Web page caption snippets:
--

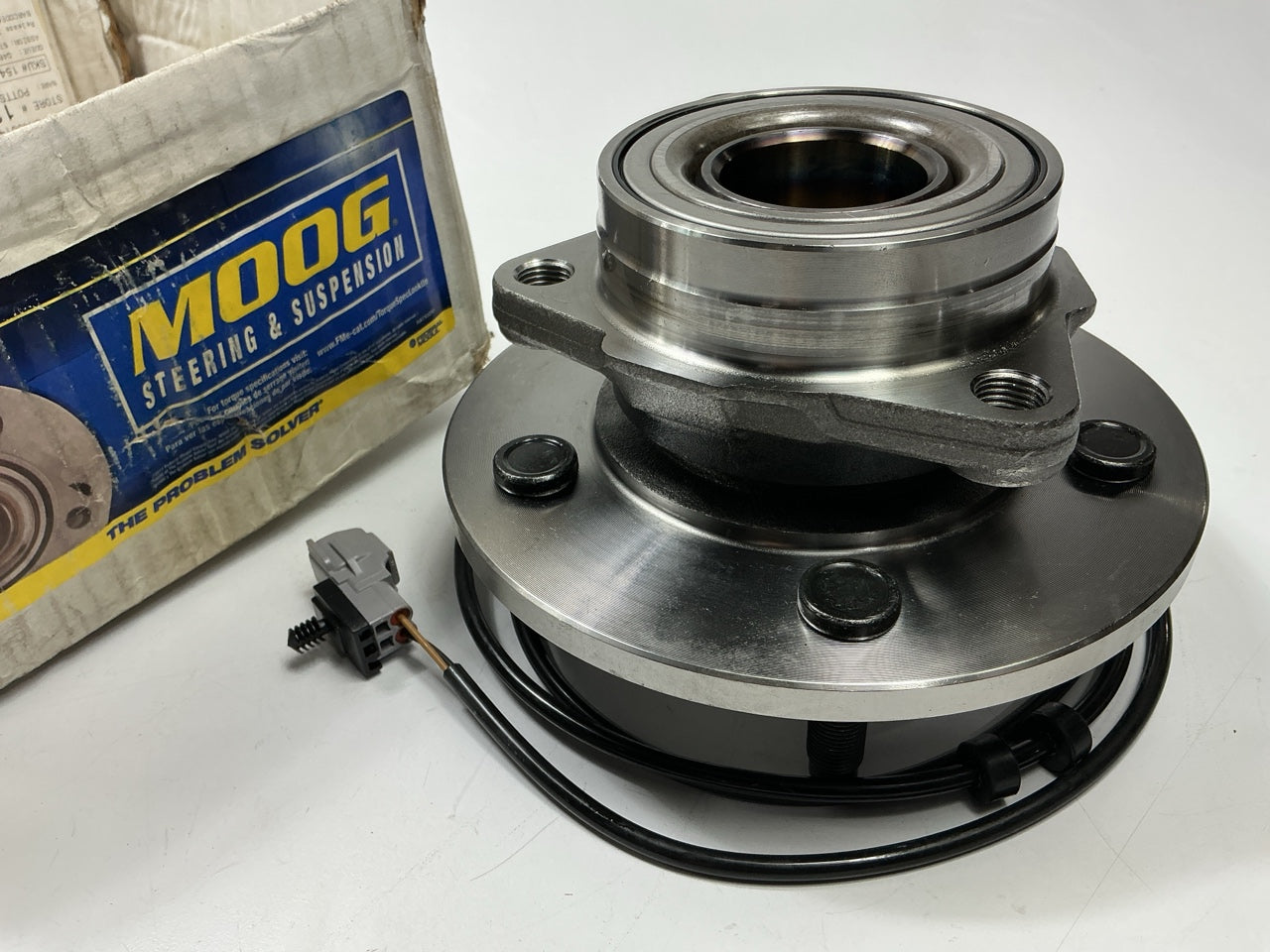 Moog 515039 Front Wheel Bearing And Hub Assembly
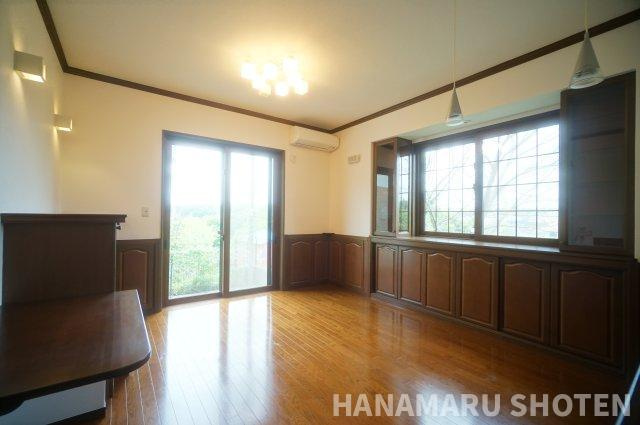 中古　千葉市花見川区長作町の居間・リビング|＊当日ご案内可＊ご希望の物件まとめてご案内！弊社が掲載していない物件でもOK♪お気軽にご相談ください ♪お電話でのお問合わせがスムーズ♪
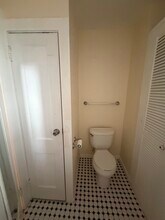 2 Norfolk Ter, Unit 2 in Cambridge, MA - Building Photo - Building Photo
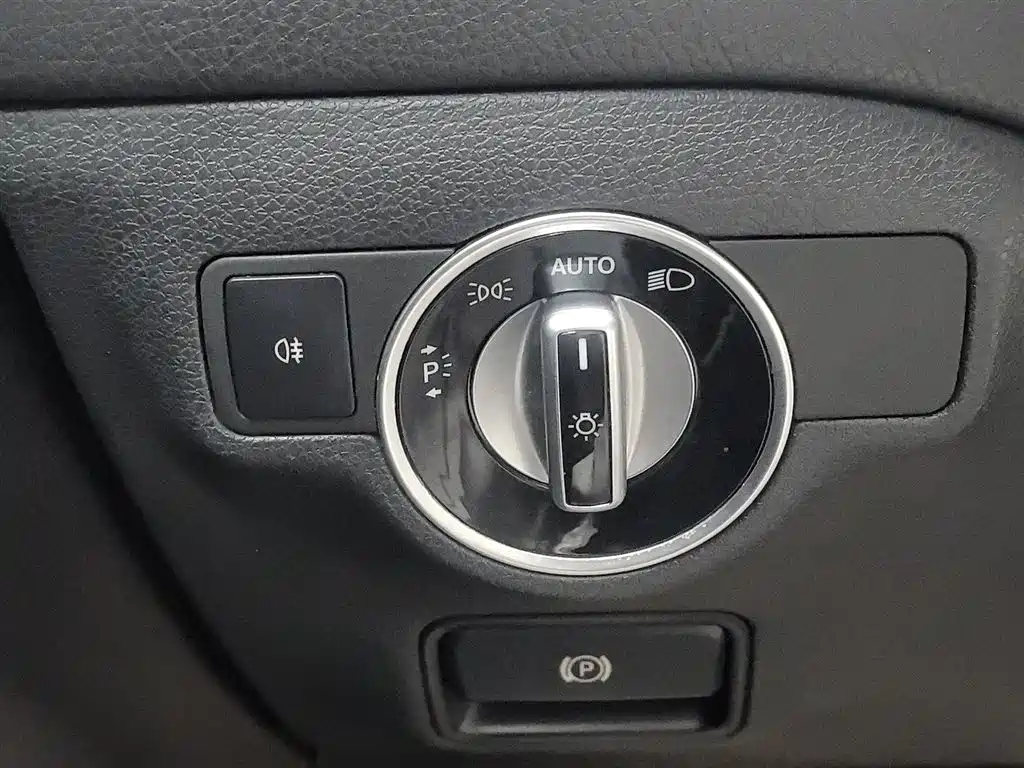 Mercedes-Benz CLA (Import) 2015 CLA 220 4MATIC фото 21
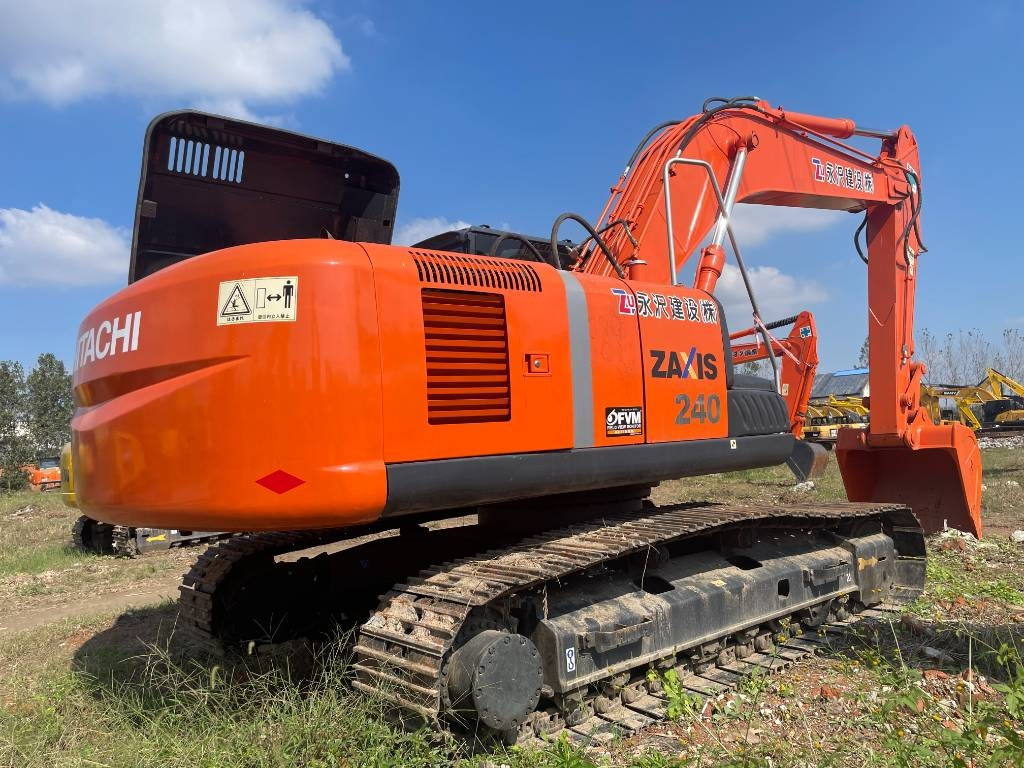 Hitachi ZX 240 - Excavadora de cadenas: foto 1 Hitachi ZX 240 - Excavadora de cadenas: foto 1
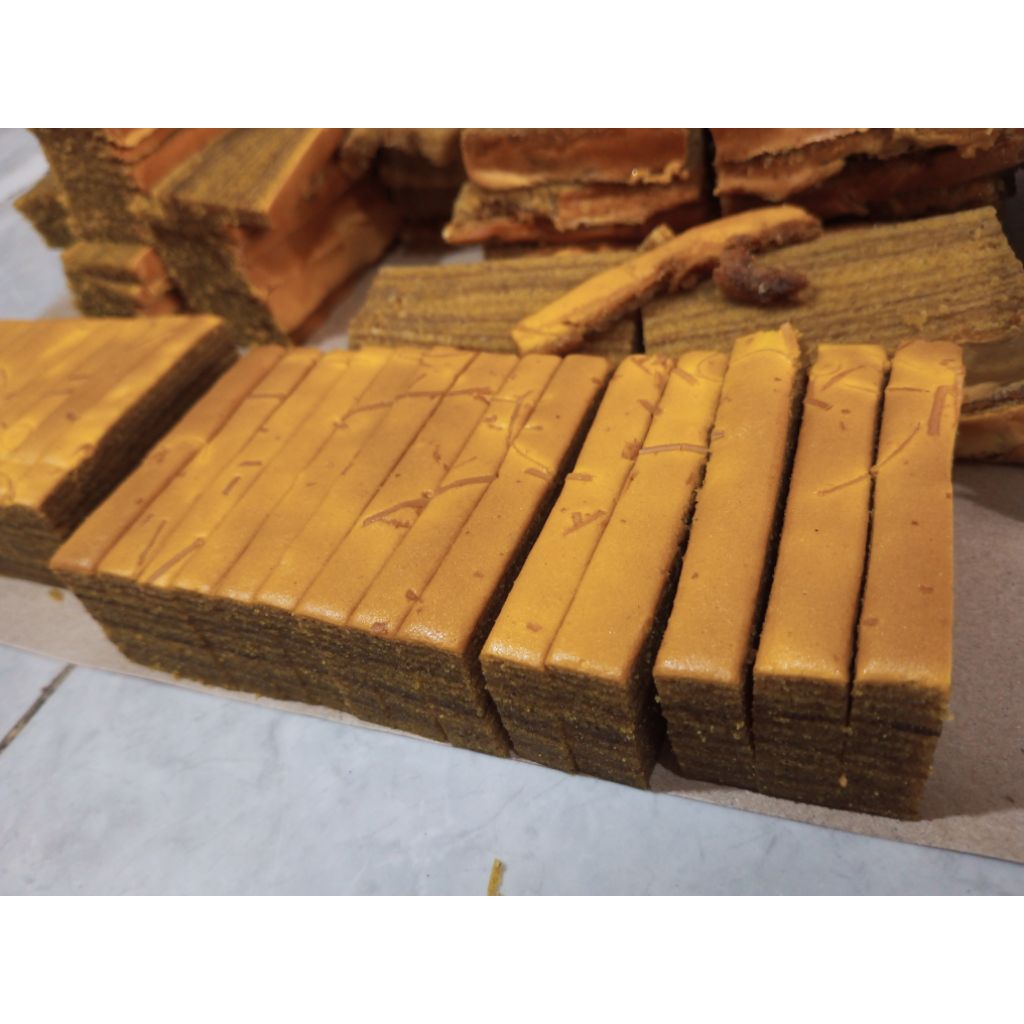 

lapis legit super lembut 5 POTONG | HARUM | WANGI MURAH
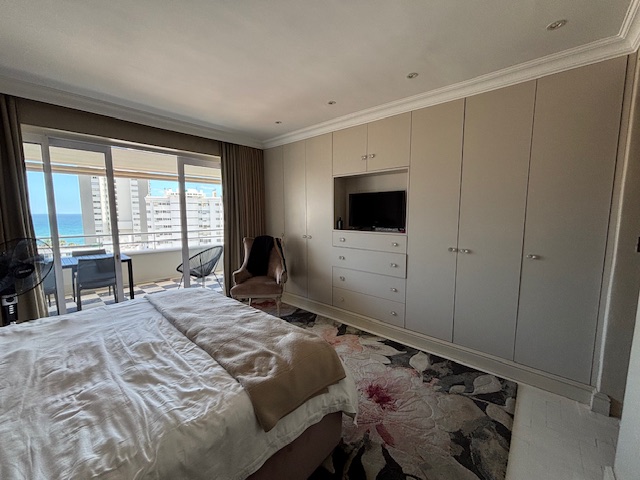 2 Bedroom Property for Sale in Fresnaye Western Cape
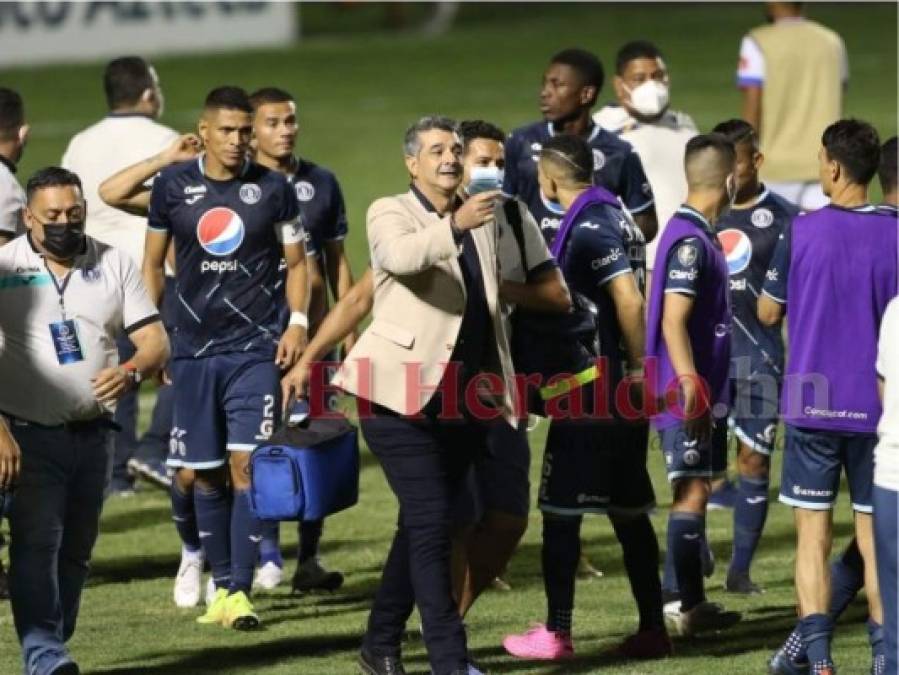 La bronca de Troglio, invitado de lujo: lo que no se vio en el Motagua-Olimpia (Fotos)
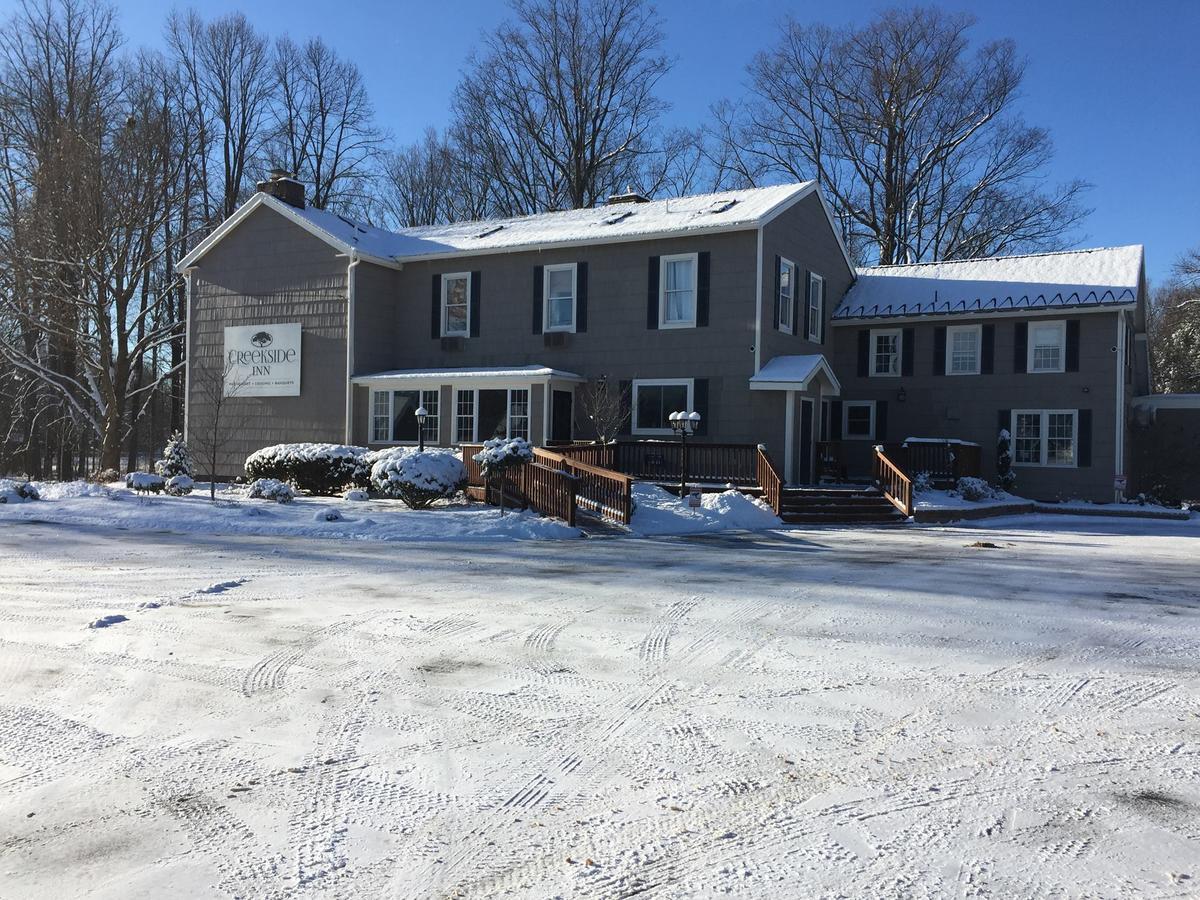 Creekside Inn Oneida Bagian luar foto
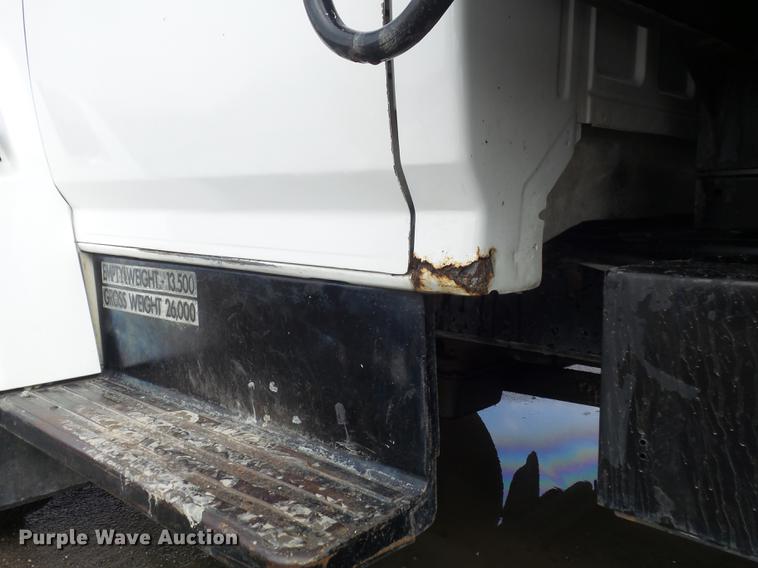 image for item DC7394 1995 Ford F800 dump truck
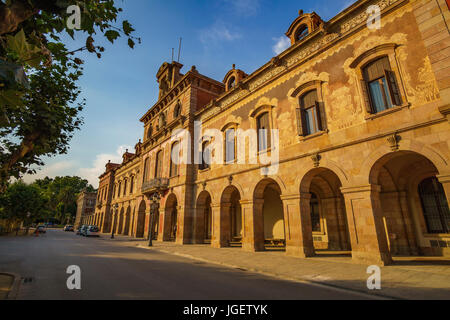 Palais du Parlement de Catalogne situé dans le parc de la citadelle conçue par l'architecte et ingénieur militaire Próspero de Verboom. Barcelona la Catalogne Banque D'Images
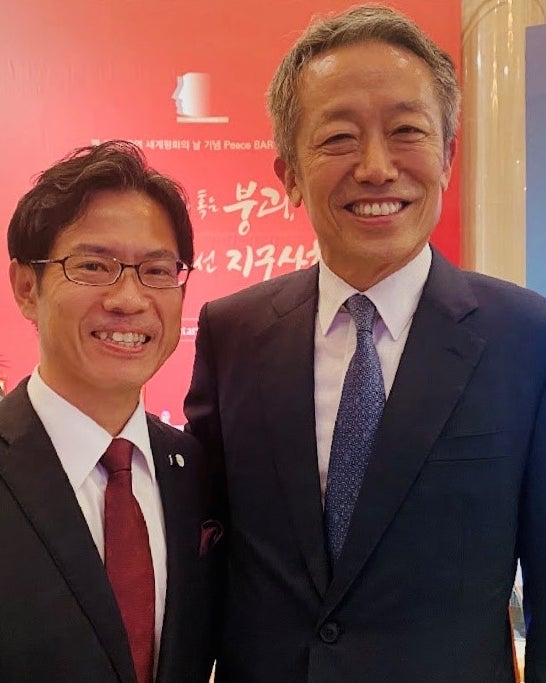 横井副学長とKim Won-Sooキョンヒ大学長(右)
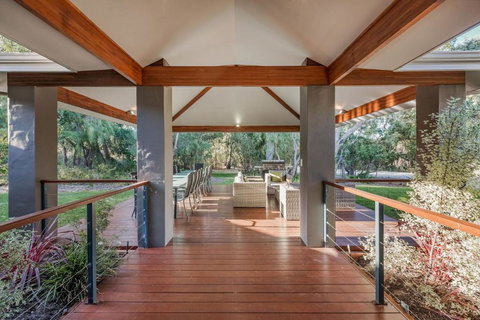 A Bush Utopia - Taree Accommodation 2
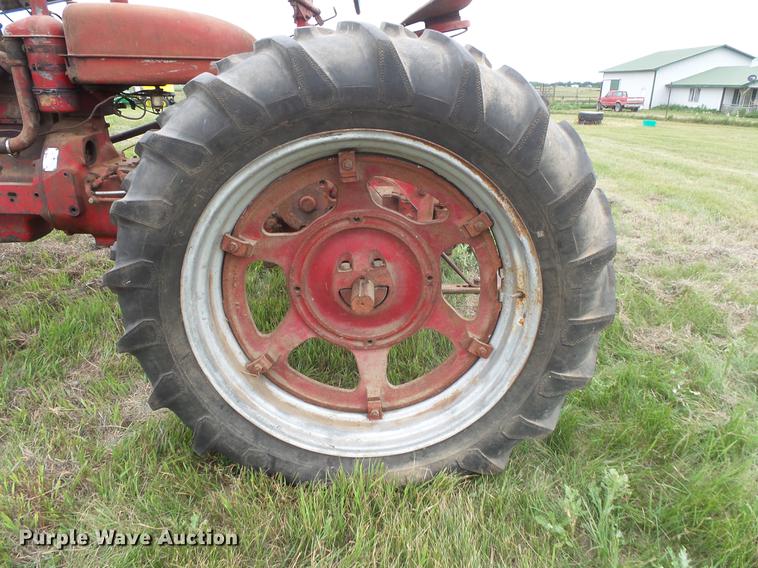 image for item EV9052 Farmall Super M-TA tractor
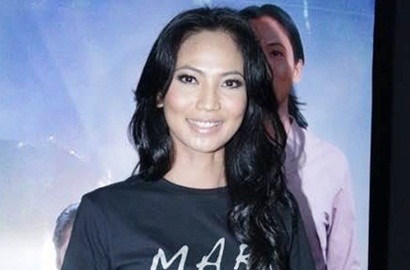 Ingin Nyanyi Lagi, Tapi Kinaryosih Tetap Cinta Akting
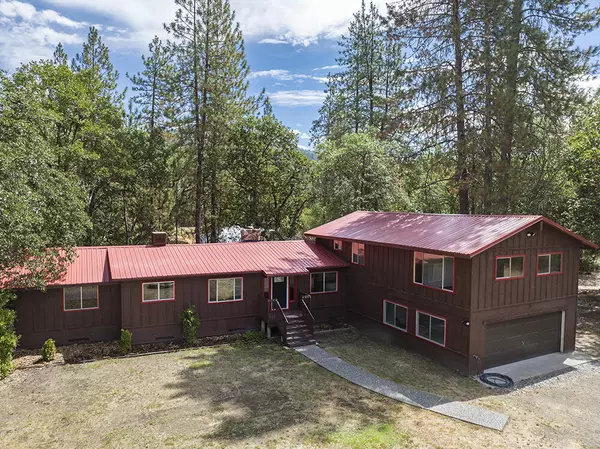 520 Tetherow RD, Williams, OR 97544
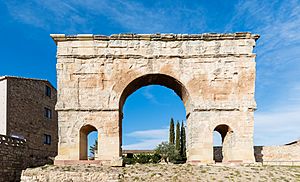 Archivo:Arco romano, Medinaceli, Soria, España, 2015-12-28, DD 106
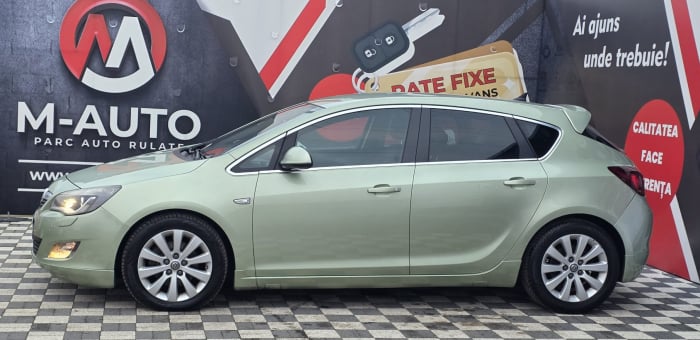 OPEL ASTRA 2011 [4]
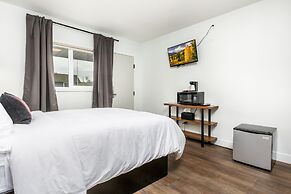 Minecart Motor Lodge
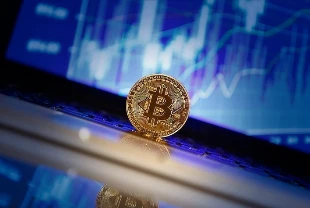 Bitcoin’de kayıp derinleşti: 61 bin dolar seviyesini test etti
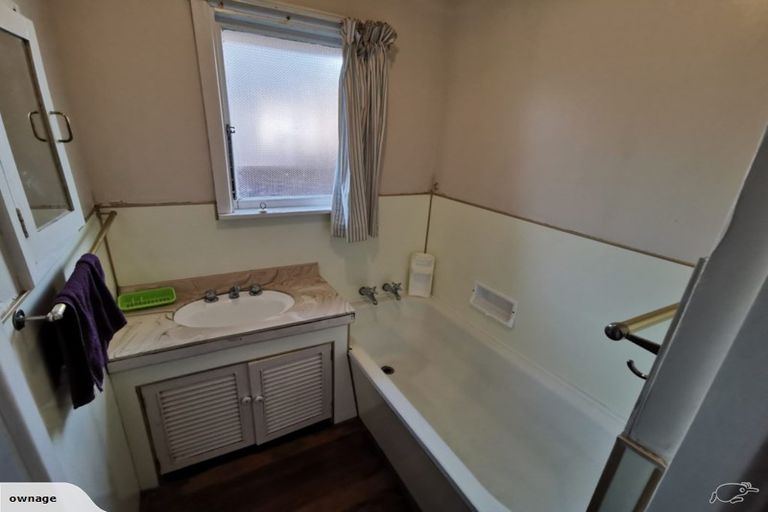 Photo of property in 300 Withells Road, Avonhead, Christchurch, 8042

--

WORK REQUEST:
Give again, unchanged, only the lines from the line containing "Bitcoin’de kayıp derinleşti: 61" to the last line of the records above. Pictures do not belong in the copy.

SOLUTION FOR THIS EXERCISE:
 Bitcoin’de kayıp derinleşti: 61 bin dolar seviyesini test etti
 Photo of property in 300 Withells Road, Avonhead, Christchurch, 8042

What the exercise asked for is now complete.